##### Data block #####

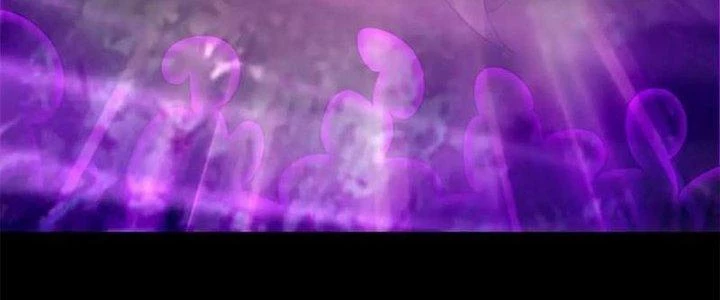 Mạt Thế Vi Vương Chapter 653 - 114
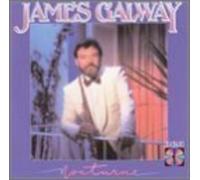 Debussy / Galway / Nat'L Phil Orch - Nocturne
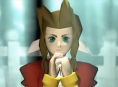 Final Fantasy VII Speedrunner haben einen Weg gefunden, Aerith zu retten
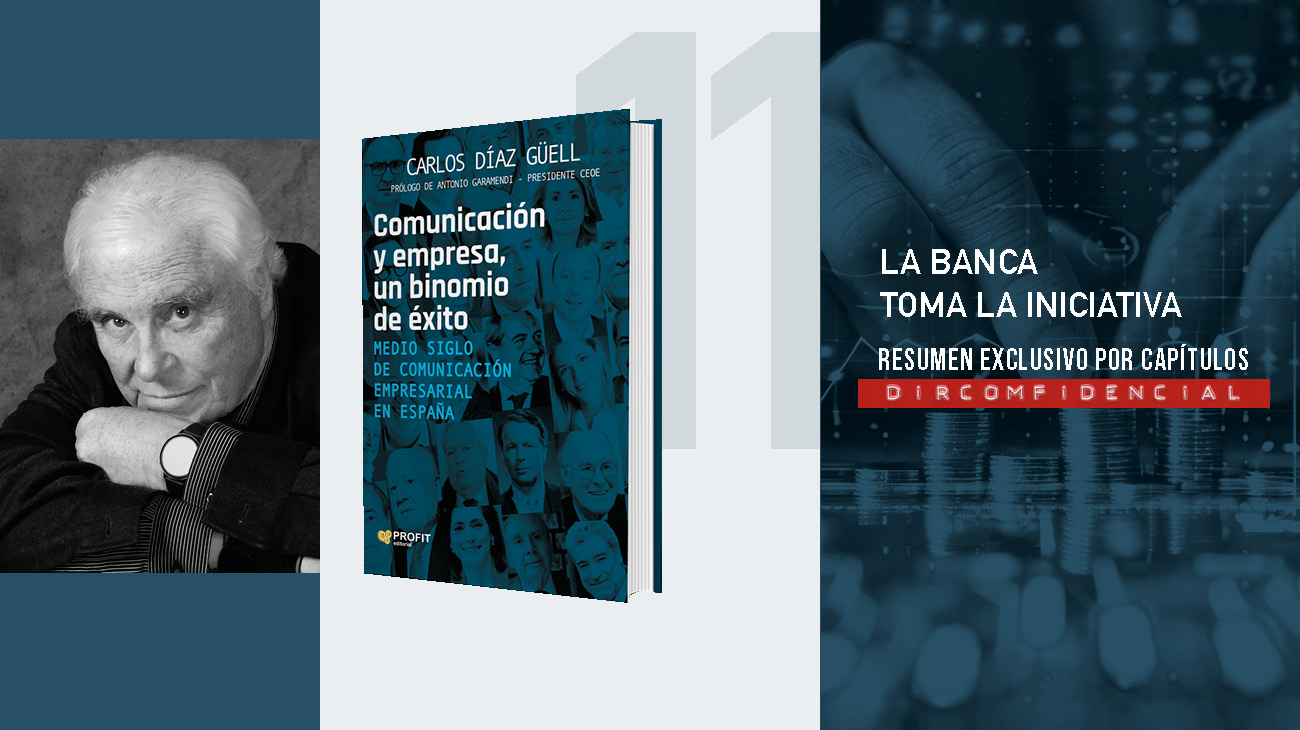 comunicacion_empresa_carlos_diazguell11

#####

Exercise brief: Please transcribe the whole listing above exactly, with the images left out.

Task result:
 Mạt Thế Vi Vương Chapter 653 - 114
 Debussy / Galway / Nat'L Phil Orch - Nocturne
 Final Fantasy VII Speedrunner haben einen Weg gefunden, Aerith zu retten
 comunicacion_empresa_carlos_diazguell11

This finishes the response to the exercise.